Output the data below exactly.

▶ **Dataset entries**
══════════
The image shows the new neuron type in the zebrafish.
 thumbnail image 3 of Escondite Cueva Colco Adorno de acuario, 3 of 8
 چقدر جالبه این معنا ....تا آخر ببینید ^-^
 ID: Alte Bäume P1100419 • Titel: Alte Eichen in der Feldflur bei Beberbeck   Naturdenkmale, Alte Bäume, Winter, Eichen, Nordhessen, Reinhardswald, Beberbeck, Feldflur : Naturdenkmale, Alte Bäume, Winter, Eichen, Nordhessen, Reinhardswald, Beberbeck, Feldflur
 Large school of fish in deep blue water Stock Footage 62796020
══════════
▶ **Output for this exercise**
The image shows the new neuron type in the zebrafish.
 thumbnail image 3 of Escondite Cueva Colco Adorno de acuario, 3 of 8
 چقدر جالبه این معنا ....تا آخر ببینید ^-^
 ID: Alte Bäume P1100419 • Titel: Alte Eichen in der Feldflur bei Beberbeck   Naturdenkmale, Alte Bäume, Winter, Eichen, Nordhessen, Reinhardswald, Beberbeck, Feldflur : Naturdenkmale, Alte Bäume, Winter, Eichen, Nordhessen, Reinhardswald, Beberbeck, Feldflur
 Large school of fish in deep blue water Stock Footage 62796020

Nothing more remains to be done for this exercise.